Rejhane Lazoja, a 39-year-old woman from Staten Island, N.Y., had her phone and its SIM card seized by border patrol agents on 26 February at Newark Liberty International Airport when she returned from a trip to Switzerland.
On Thursday, the Council on American-Islamic Relations (CAIR), a Muslim civil rights group, announced that its New Jersey chapter had filed a case in federal court challenging the CBP’s “warrantless and unconstitutional seizure” of an American citizen’s phone.
Lazoja formally asked a federal judge to force border officials to delete data copied from her iPhone 6S Plus – a legal filing that’s formally known as a Rule 41(g) Motion, or as a Motion to Return Property.
It’s not her physical phone that she wants back. She got that back after 130 days.

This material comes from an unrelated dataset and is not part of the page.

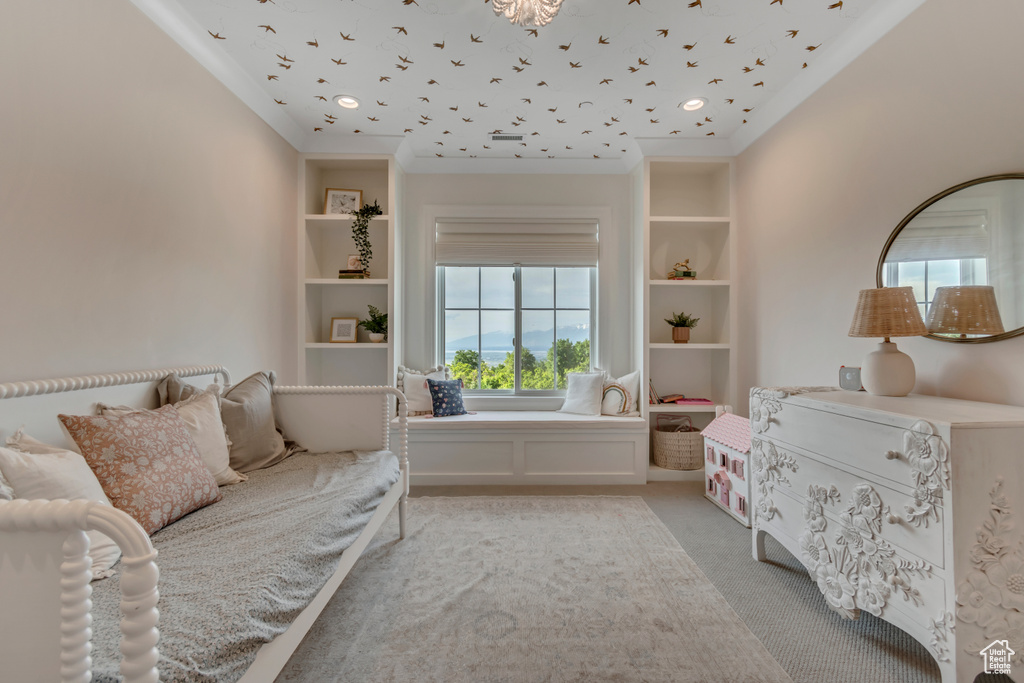 Sitting room with ornamental molding and light carpet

Rather, she specifically wants assurances that copies of her data are deleted. As CAIR points out, Rule 41(g) motions are generally used for tangible items, as opposed to easily copied data. But it’s those easily made copies that she wants wiped out: copies that were taken without the CBP explaining its reason for seizure.

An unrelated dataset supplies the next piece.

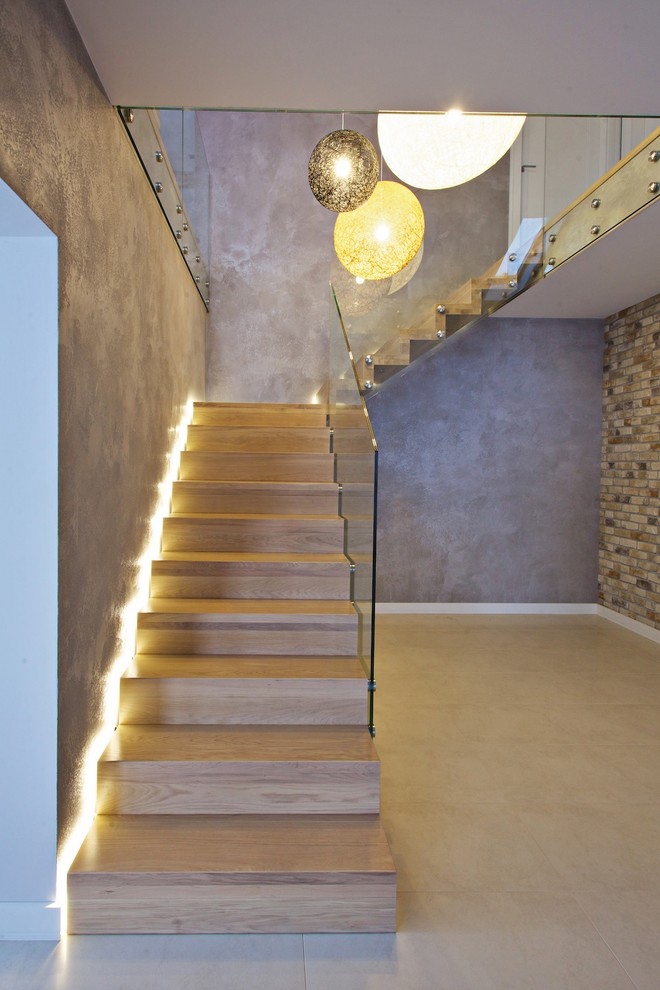 This is an example of an expansive contemporary wood l-shaped staircase in Other with wood risers.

One of her attorneys, CAIR’s Albert Fox Cahn, told Ars Technica that the phone was seized, and its data imaged, in spite of her never being charged with a crime:
They provided no justification for why they took the phone. They’ve never accused her of a crime.
Her attorneys have asked the CBP…
…[to] return her Data, to expunge any copies made of the Data, to disclose all third parties who received and/or retain copies, partial or complete, of the Data, and to provide information about the basis for the seizure and retention of the Property.

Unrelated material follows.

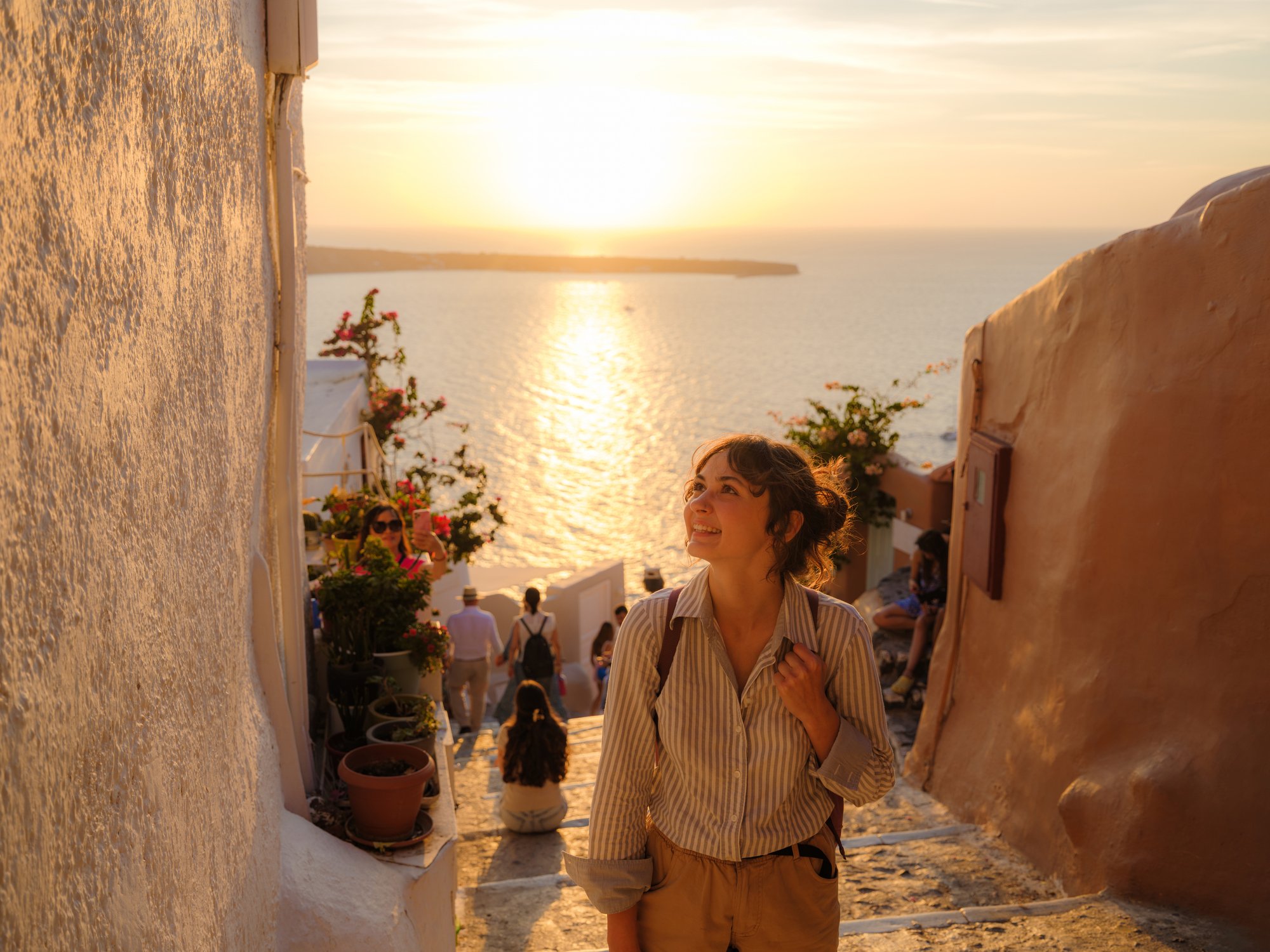 Woman walking the streets of Santorini at sunset, enjoying views of Oia village, Greece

Lazoja’s motion argues that CBP violated Lazoja’s Fourth Amendment rights not only by seizing the phone, but by the length of time the phone was retained and by any copying of her personal data.
From the suit:
While defendants returned Ms. Lazoja’s cell phone 130 days after it was seized, they refuse to state what they did with her personal data, what third parties her personal data was shared with, and if, let alone when, they will return her data.
To add weight to its argument, CAIR notes that in June, the Supreme Court held, in Carpenter v. United States, that police need to obtain a warrant in order to seize cellphone location data.
The case involved the conviction of Timothy Carpenter, who was sentenced in 2014 to 116 years in jail for robbing six cellular telephone stores. To get him convicted, prosecutors had relied on vast amounts of data collected – without a warrant – from cellphone companies that showed Carpenter’s movements.
Carpenter v. US sought to determine whether that warrantless search violated Carpenter’s Fourth Amendment protection against unreasonable search. In June, the Supreme Court decided that yes, it did.